No. You're only reading *uc and *mc, never writing them.
Your assignments to fpstate are to a local variable unrelated
to the memory area (*uc and *mc) written and read by the kernel.

You change to the signal handler in sys_float.c is different and
correct, it's only erts/configure.in that has this problem.

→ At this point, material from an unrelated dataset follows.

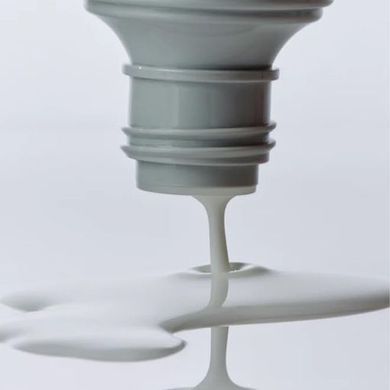 Фото Молочна есенція для обличчя Rhode Glazing Milk 140 мл Glazing Milk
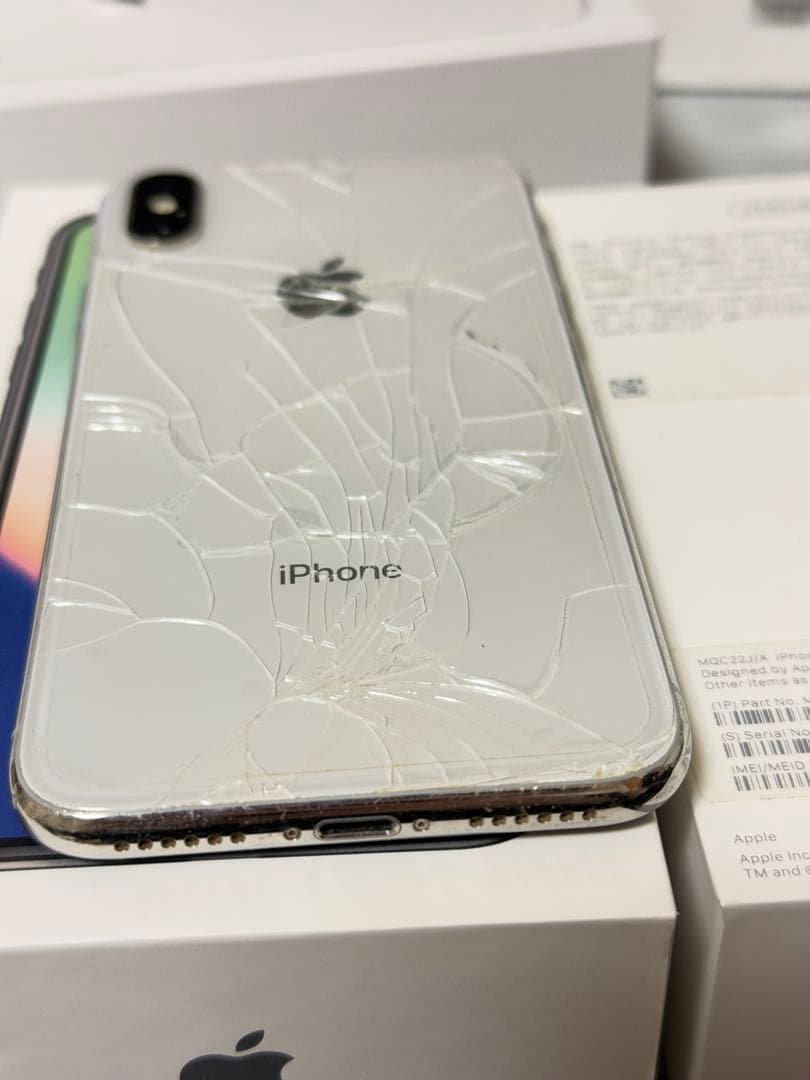 iPhoneX 256GB 箱無し (背面割れ)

 > > What is the concrete type of the fpu_fsw field? I really don't
 > > want to update it via a pointer cast like this.
...
 > fpu_sw has type of fp_status_t which is a union.
 > 
 > /*
 > * Status word.
 > */
 > 
 > typedef struct fp_status {
 >      unsigned short              invalid :1,
 >                                  denorm  :1,
 >                                  zdiv    :1,
 >                                  ovrfl   :1,
 >                                  undfl   :1,
 >                                  precis  :1,
 >                                  stkflt  :1,
 >                                  errsumm :1,
 >                                  c0      :1,
 >                                  c1      :1,
 >                                  c2      :1,
 >                                  tos     :3,
 >                                  c3      :1,
 >                                  busy    :1;
 > } fp_status_t;

Yuck, that's horrible. I'll keep the pointer cast.

 > > The current x86 assembly code uses .global not .globl.
 > 
 > Apple's assembler uses .globl. Don't ask me!

Your patch changed .global to .globl on both Darwin and non-Darwin.